━━━━━ INFORMATION PROVIDED

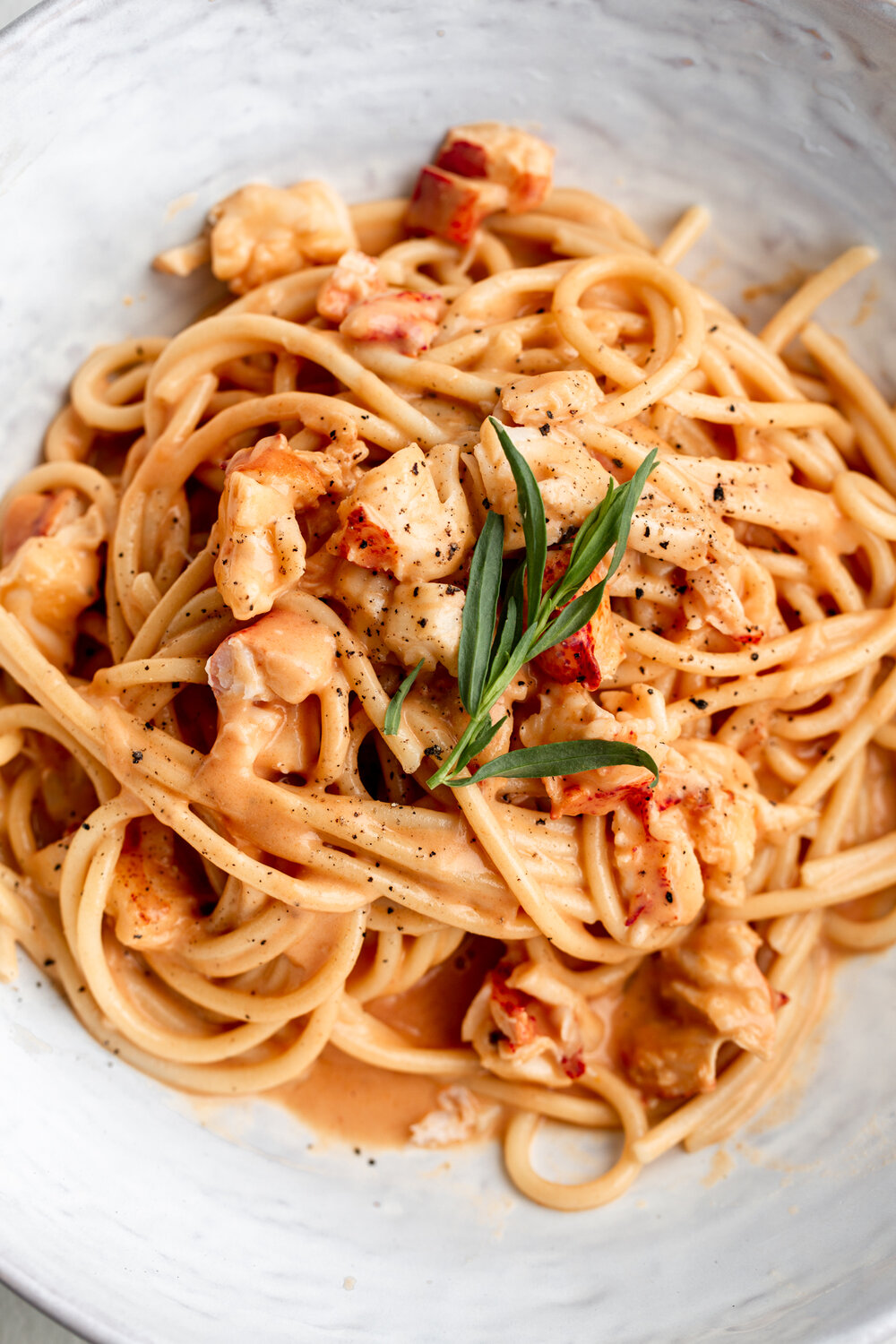 creamy lobster pasta with lobster bisque sauce recipe garnished with fresh tarragon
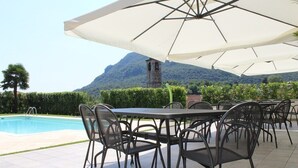 Un espace extérieur aménagé pour les repas, avec une piscine, des chaises et des parasols.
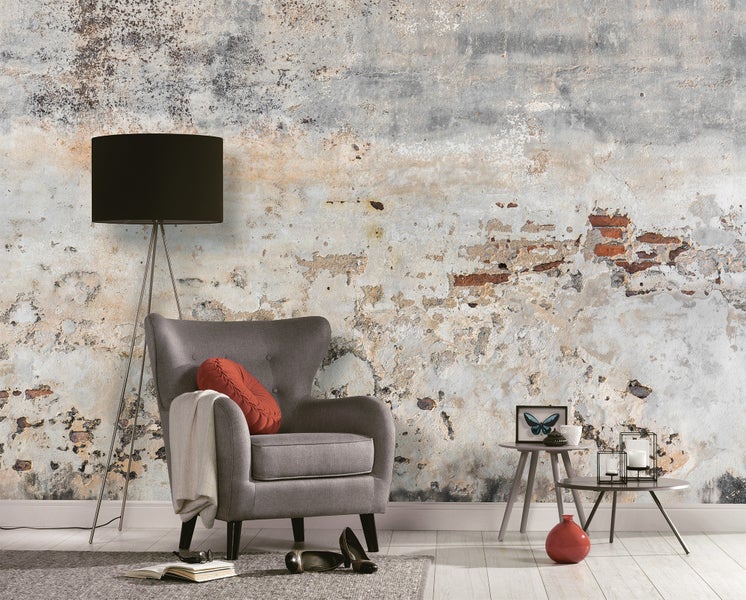 Vliestapete im Industrie-Design mit Beton- und Mauerwerk-Optik in einem Wohnzimmer mit grauem Sessel, schwarzer Stehlampe und Dekoration.
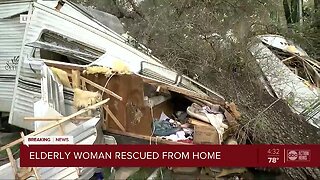 Large oak tree smashes into a Pasco County home, trapping elderly woman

━━━━━━━━━━

Exclude the pictures, and transcribe all of the material exactly.

 creamy lobster pasta with lobster bisque sauce recipe garnished with fresh tarragon
 Un espace extérieur aménagé pour les repas, avec une piscine, des chaises et des parasols.
 Vliestapete im Industrie-Design mit Beton- und Mauerwerk-Optik in einem Wohnzimmer mit grauem Sessel, schwarzer Stehlampe und Dekoration.
 Large oak tree smashes into a Pasco County home, trapping elderly woman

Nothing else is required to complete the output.